*** Opening Data excerpt ***

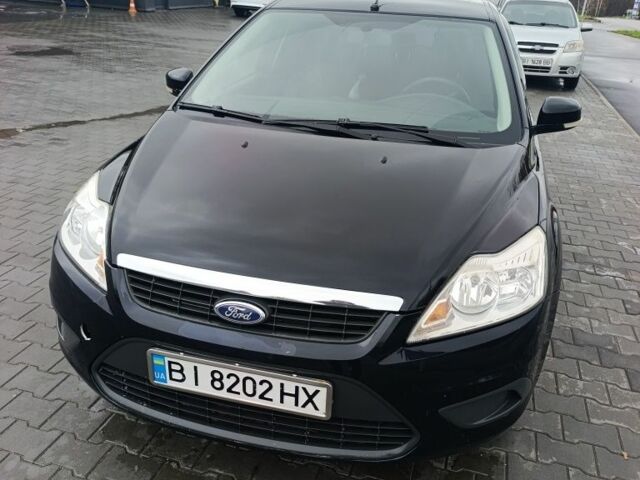 Черный Форд Фокус, объемом двигателя 1.6 л и пробегом 335 тыс. км за 4500 $, фото 1 на Automoto.ua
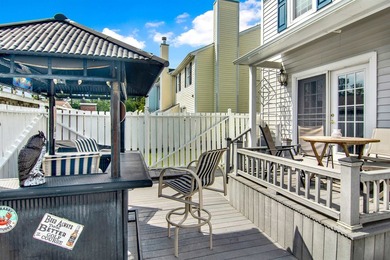 Terrific and spacious end-unit 3-bedroom, 2.5-bath furnished - photo 32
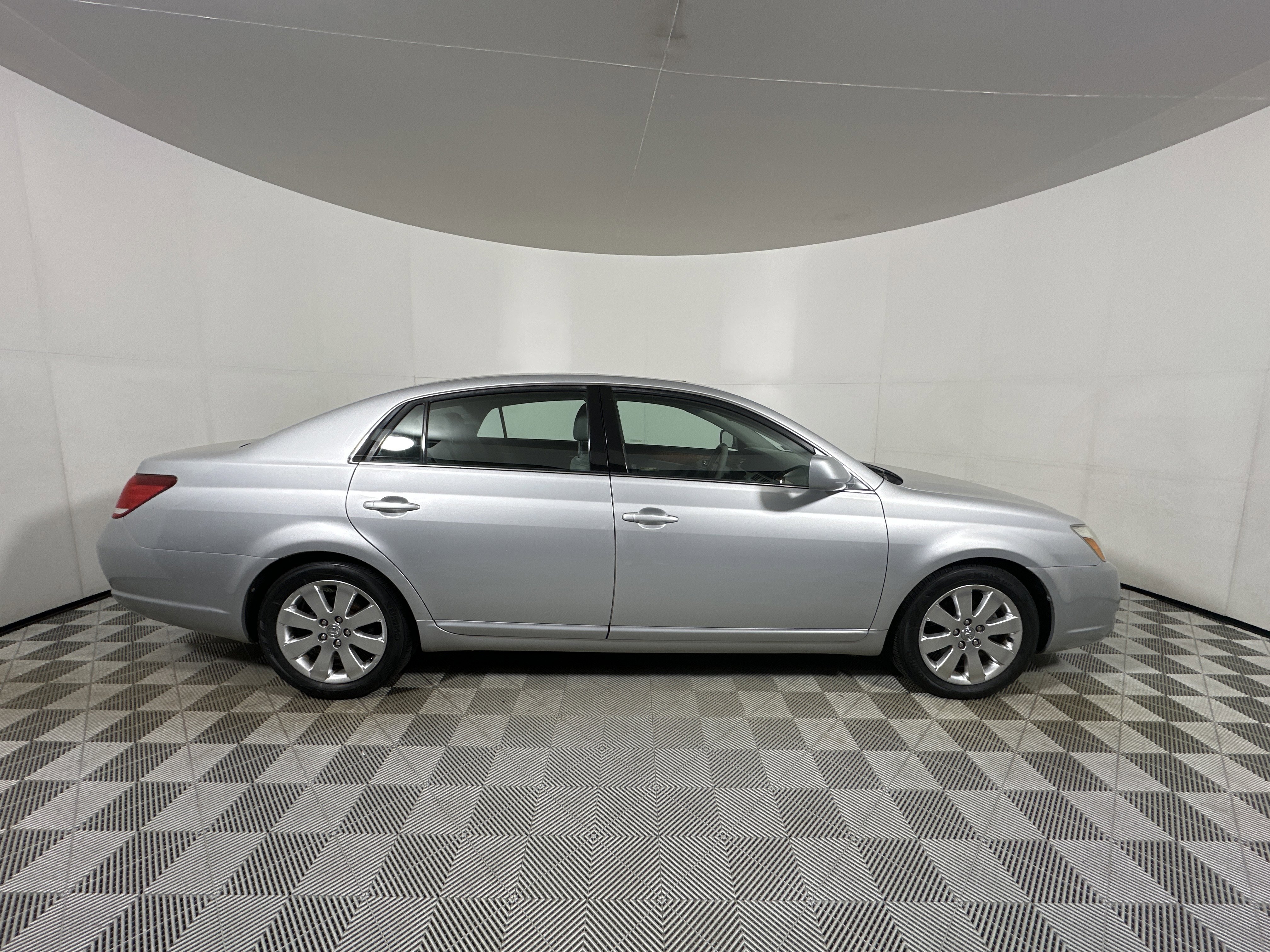 Used 2006 Toyota Avalon XLS image 8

*** Closing Data excerpt ***

### Task goal
Omit the pictures, then set down all the remaining data exactly as given.

### Task output
 Черный Форд Фокус, объемом двигателя 1.6 л и пробегом 335 тыс. км за 4500 $, фото 1 на Automoto.ua
 Terrific and spacious end-unit 3-bedroom, 2.5-bath furnished - photo 32
 Used 2006 Toyota Avalon XLS image 8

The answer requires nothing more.